Koalisi Inklusi Quebec, sebuah kelompok yang mencakup Katolik Roma, Yahudi, Sikh, dan Muslim, menantang undang-undang tersebut di pengadilan, bersama dengan tiga guru, termasuk dua Muslim dan seorang penganut Katolik Roma.
Selanjut Darmawan menulis: Perri Ravon, seorang pengacara yang telah mengerjakan dua tuntutan hukum terhadap larangan tersebut mengatakan, setidaknya untuk saat ini hukum tersebut secara tidak proporsional memengaruhi wanita Muslim, karena jilbab adalah simbol agama yang kelihatan dari luar.
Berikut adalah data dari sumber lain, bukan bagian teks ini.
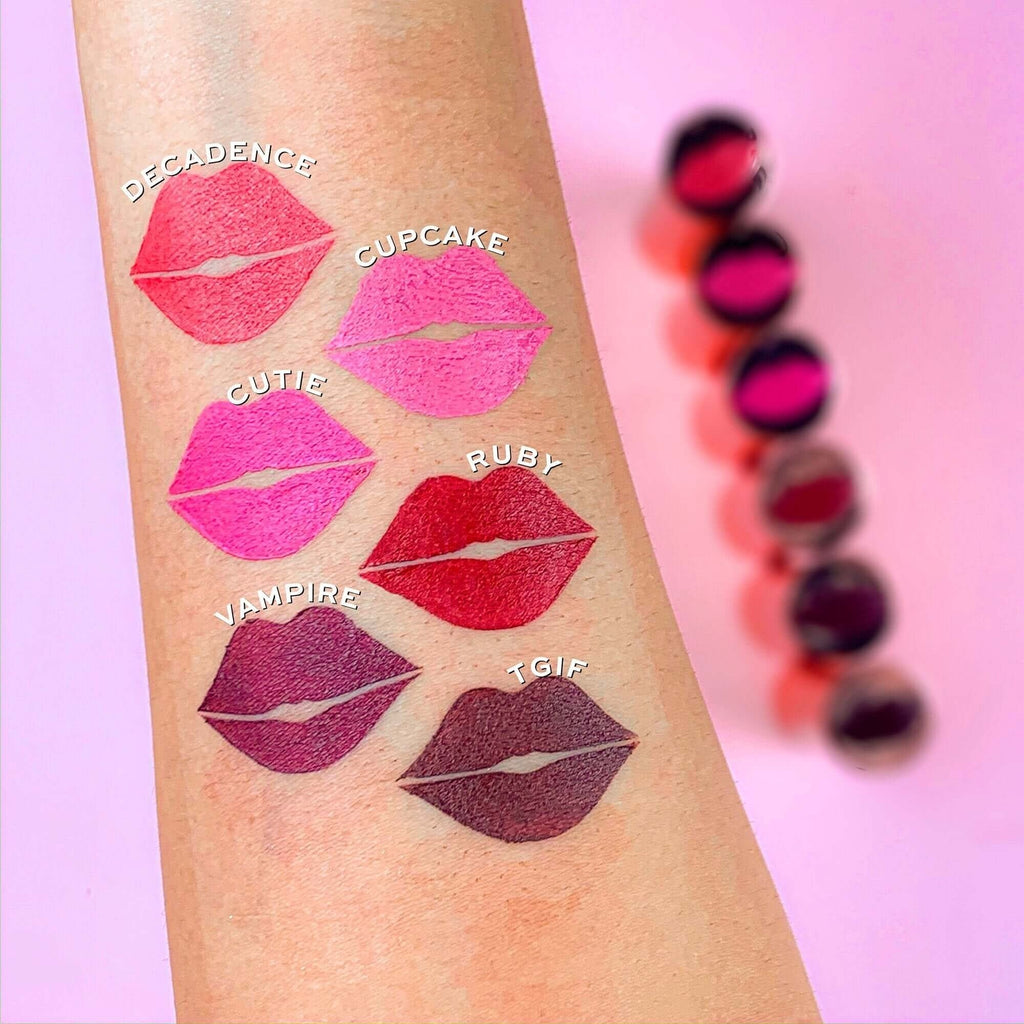 Revolution Satin Kiss Lipstick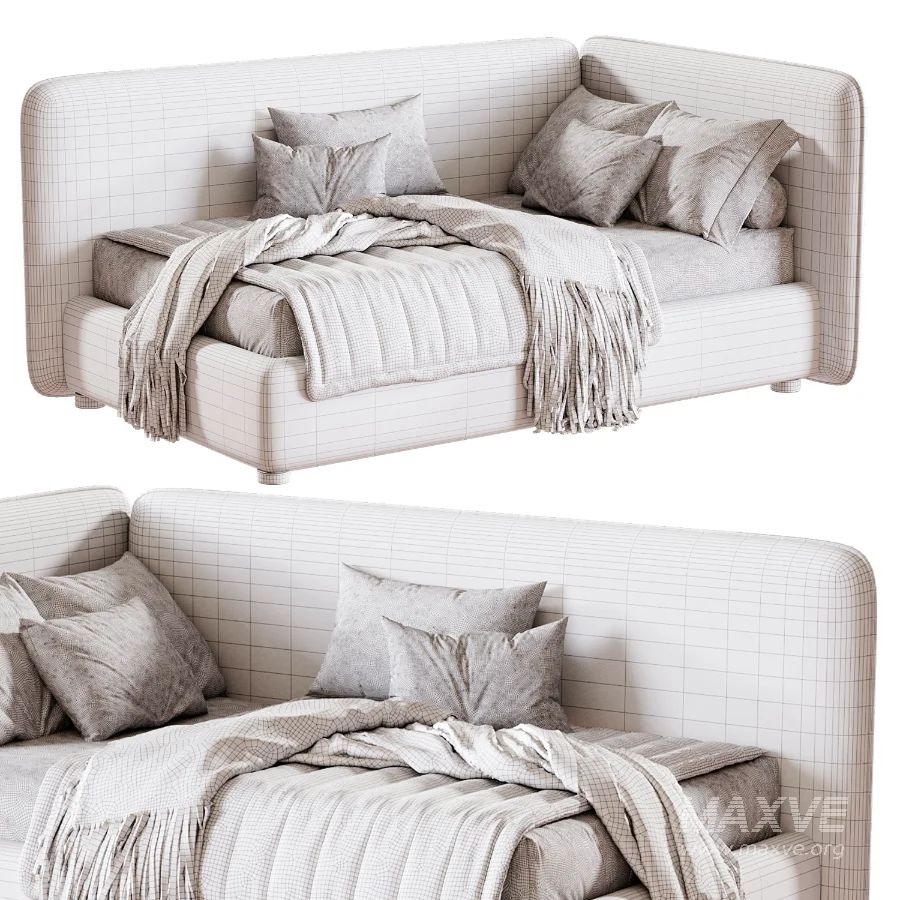 Assai Corner Kids Bed - Image 7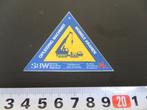 sticker opleiding machinist mobiele kranen SBW gouda, Ophalen, Zo goed als nieuw, Bedrijf of Vereniging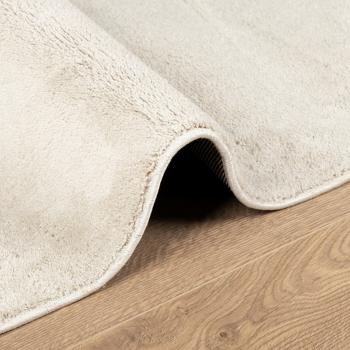 Teppich OVIEDO Kurzflor Beige 160x230 cm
Dia mencatat bahwa salib Katolik kurang mencolok karena bisa disembunyikan dalam blus atau kemeja saat bekerja.
Meskipun demikian, guru Katolik yang disebutkan dalam salah satu tuntutan, Andréa Lauzon, yang mengenakan salib dan medali Perawan Maria yang terlihat dari luar, mengatakan di pengadilan bahwa iman dan identitasnya terikat erat. “Saat ini hak konstitusional saya untuk kebebasan beragama telah dilanggar,” kata dia.
Keterangan Foto; Kalung itu juga terlarang dikenakan seorang pekerja pemerintah di Quebec
Larangan ini berakar pada evolusi bersejarah Quebec menjadi masyarakat sekuler yang taat dengan ketidakpercayaan mendalam terhadap agama. Semua itu berasal dari apa yang disebut Revolusi Tenang pada 1960-an, ketika Quebec memberontak melawan dominasi Gereja Katolik Roma. Jean Duhaime, profesor agama emeritus di University of Montreal mengatakan, bahkan sebelum undang-undang baru-baru ini, pemakaian salib di sektor publik distigmatisasi dan dihambat dalam masyarakat Quebec.
Dia mengatakan para penentang Katolik terhadap larangan itu menjalin solidaritas dengan kelompok-kelompok agama lain. Ia melihat bahwa di masyarakatpendukung hukum Quebec melihat Muslim yang mengenakan jilbab sebagai “hantu agama yang muncul kembali di Quebec, sambil memandang jilbab sebagai instrumen dominasi patriarki”.
Alhasil, bisalah bangsa ini bisa bertindak adil semenjak pikiran? Ingat Quebec Canada tak mengenal Pancasila dan Bhineka Tunggal Ika. Masa lita kalah?